当然、すでに目標の台数をクリアしている販売店であれば、そこからさらに大きく値引きをしてまで新車を売らなくてもよくなるため、購入予定者としてはあまり期末ギリギリまで契約を引き伸ばしたからといって、必ずしもよい結果を招くとは言えないのだ。

また、決算期に新車を狙ううえで注意したいのが、そのタイミングだ。3月が決算月ということは3月31日までの販売台数がカウントされるわけだが、自動車に関しては1台とカウントされるのは契約書に判を押したタイミングではなく、その車両が登録されたタイミングとなる。

普通車であれば、車庫証明書が発行されない限り登録することができないため、3月後半まで粘ってしまうと登録が間に合わなくなって値引きも渋くなる恐れがある。もちろん、現状で納期が何カ月もかかるような人気車種や特殊なメーカーオプションなどを選ぶ場合も同様だ。

この時期はディーラー側も注文が集中することを見越して、ある程度人気の車種やボディーカラー、オプションを装着した車両を先行発注し在庫していることがほとんどなので、これから狙うのであればディーラーが確保している在庫車からチョイスするのが賢い選択となるだろう。特に2019年は3月31日が日曜日となるため、実際に車両が登録できるリミットは金曜日の3月29日となり、残された時間は限りなく少ないのである。

登録済み未使用車を狙うのも手

ここまで読んでいただいたならば、決算期後に「登録済み未使用車」が中古車市場に登場する理由もお察しいただけたと思うが、決算期に目標販売台数にあと一歩という状態で取る手段が、「自社登録」である。登録されれば1台とカウントされるので、前述した見込み発注していた在庫車両をディーラー名義で登録し、なんとか目標台数を達成しようという最後の手段なのだ。

そして一度登録された車両は当然新車としては販売できないため、ディーラー系の中古車店の店頭に並ぶこととなる。1店舗で何十台も自社登録することはないにしろ、全国的にみればなかなかの台数となるため、決算期に商談が間に合わなかったユーザーはこういった登録済み未使用車を狙ってみるのも1つの手と言えるかもしれない。

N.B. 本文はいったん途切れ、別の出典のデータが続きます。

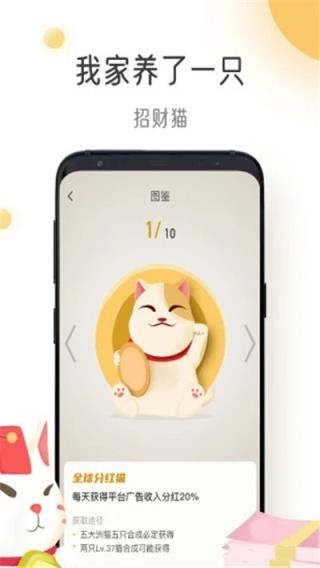 猫咪时间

車検の有効期間こそ丸々3年ではないものの、保証も継承されるし、ディーラーオプションも新車と同様に選ぶことができるので(メーカーオプションは追加できないが)、希望の仕様があればお買い得感は高いはずだ。

ということで、決算期に大幅な値引きが出ることも、決算後に登録済み未使用車が登場するのも、自動車メーカーとディーラーの都合によるものが大きいというのが偽らざる事実である。しかし、ユーザーとしては欲しいものが安く購入できるという点ではメリットしか発生しない。自動車は家に次いで高額な買い物と言われ、不動産と同じくきちんと所有権が発生する財産なだけに、よりよいタイミングで購入したいところである。